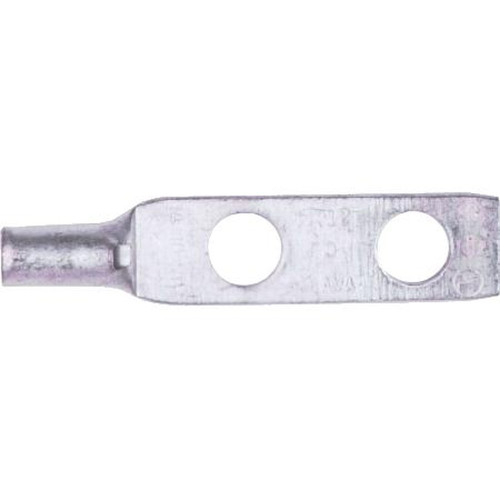 BURNDY YA2C2TC1490 Right Angle Compression Lug 2 Hole W/o Inspection Window #2 AWG Code 1/4" Stud Compression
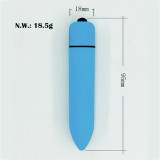 3.7 inch Mini Vibrator Bullet Massager 10 Speed Patterns With Body Safe ABS Pocket Size Travel Friendly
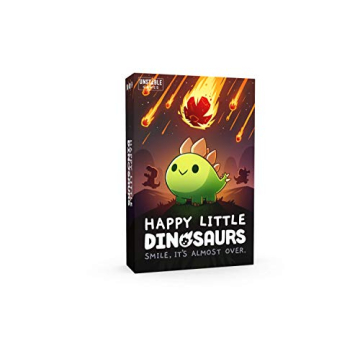 Unstable Games - Happy Little Dinosaurs Base Game - Competitive Sabotage Card Game for Kids, Teens, ...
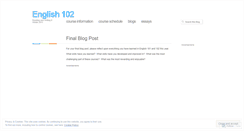 Desktop Screenshot of eng102wi2011.wordpress.com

Task instructions: Starting with the line that contains "3.7 inch Mini", reproduce every line down to the end of the listing above, both endpoints included. Pictures stay out.

Answer section:
 3.7 inch Mini Vibrator Bullet Massager 10 Speed Patterns With Body Safe ABS Pocket Size Travel Friendly
 Unstable Games - Happy Little Dinosaurs Base Game - Competitive Sabotage Card Game for Kids, Teens, ...
 Desktop Screenshot of eng102wi2011.wordpress.com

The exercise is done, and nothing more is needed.